Posted 12 April 2007 - 01:10 PM
Thanks for your advice. I've checked out your photos through the 80 APO and they are just amazing!!
It looks like a great scope and I think I'm going to be putting it on my list of things to get.
Posted 12 April 2007 - 06:32 PM
You wont be dissapointed.
Fife Lake, Mi.
Posted 14 April 2007 - 07:00 AM
Weather has not been good here for awhile now. Lot's of rain this time of year but I hope to get back out with the new scope and do some imaging soon.
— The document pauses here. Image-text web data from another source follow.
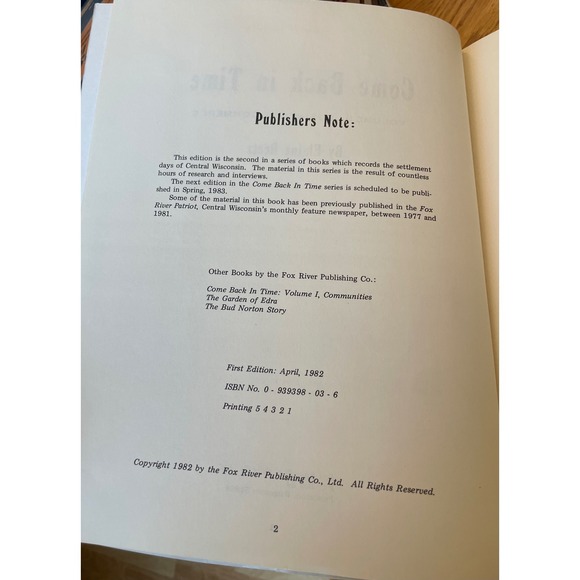 Come Back in Time Vol II Business & Commerce Elaine Reetz Wisconsin History 1982 - Picture 2 of 8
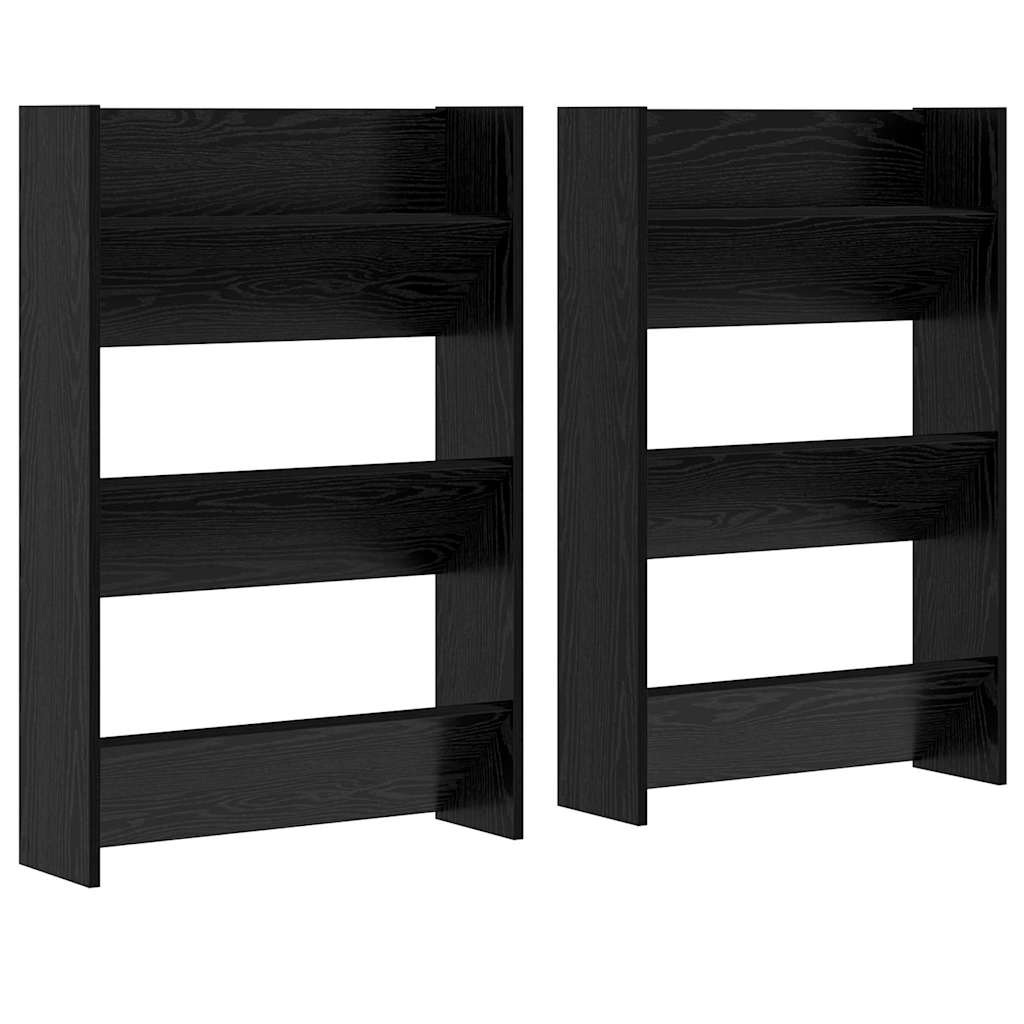 vidaXL Shoe Cabinet 2 pcs 60 x 18 x 90 cm Engineered Wood Black Oak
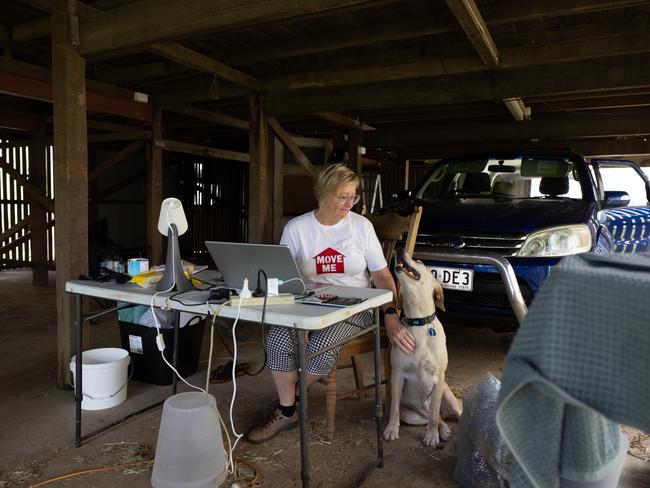 Julia Melvin is still living in her car under her house in Lismore 10 months after floods hit. Picture: Danielle Smith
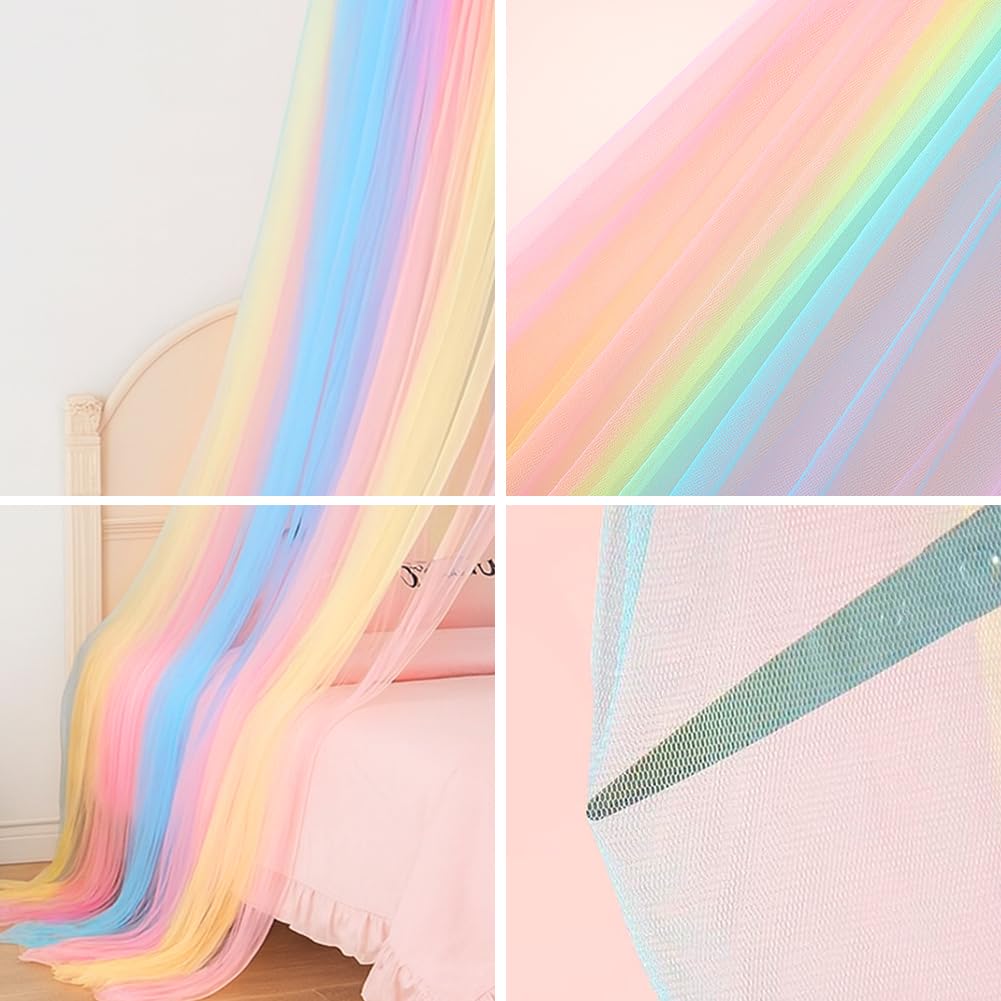 Vicloon Zanzariera Letto, Baldacchino per letto, Zanzariera a tenda per letto singolo/matrimoniale, Adatto Per Interni Ed Esterni, Protezione dalle Zanzare (Arcobaleno)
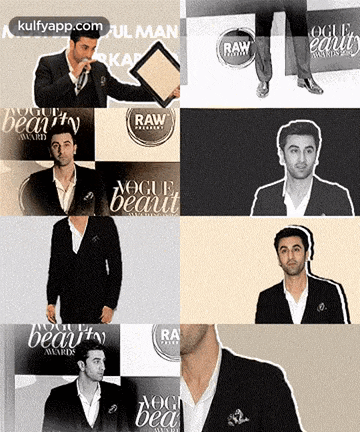 a collage of images of a man with the words vogue beauty awards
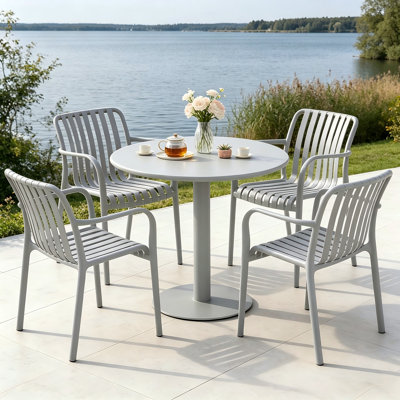 XUEGW Set of 4 Stackable Ergonomic Patio Dining Chair for Garden Restaurant Indoor Outdoor Usage, Gray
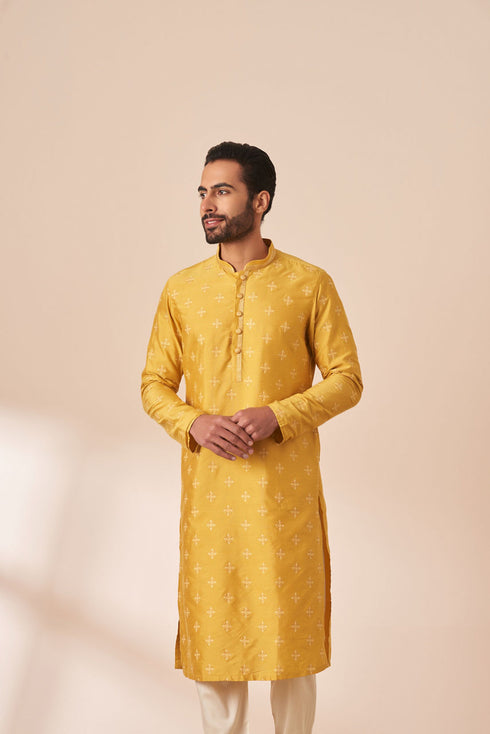 Manyavar Yolk Yellow Self Design Kurta Pajama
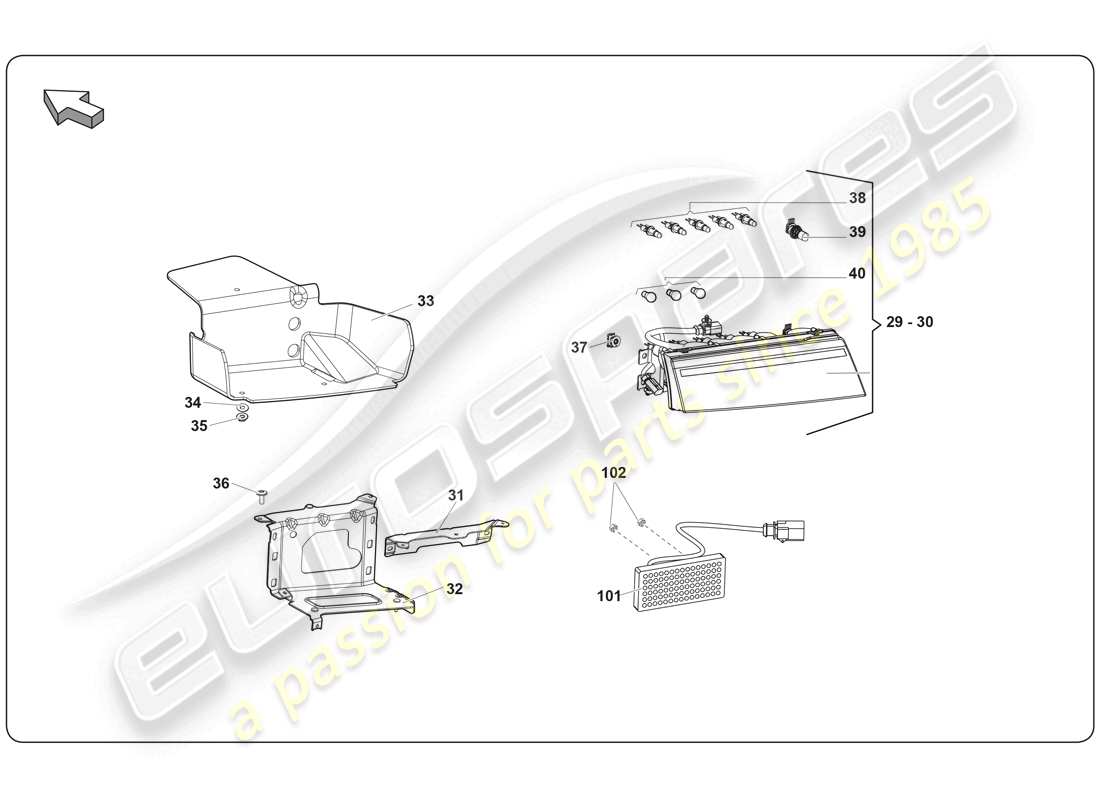 lamborghini super trofeo (2009-2014) light part diagram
Posted 16 April 2007 - 02:40 PM
Leo Trio: http://www.pbase.com.../image/77288057
I'll get the color for these next time.
Posted 16 April 2007 - 09:02 PM
Those photos are amazing! Wow, I really can't believe that is your first light with the 80 APO and the Pro II!
Man oh man, too many good things out there right now...the 80 APO is on my list
Awesome first light Matt!
Posted 10 September 2007 - 12:39 PM
Posted 16 October 2007 - 12:31 PM
I seem to have some trouble with the focusser. When I tighten it up enough to keep control of the foccusser tube, the fine adjustment seems to go away and it becomes 'jumpy' and hard to turn. Is there something wrong with how I have adjusted it? If I back it off enough to make it smooth, it won't move the focusser tube.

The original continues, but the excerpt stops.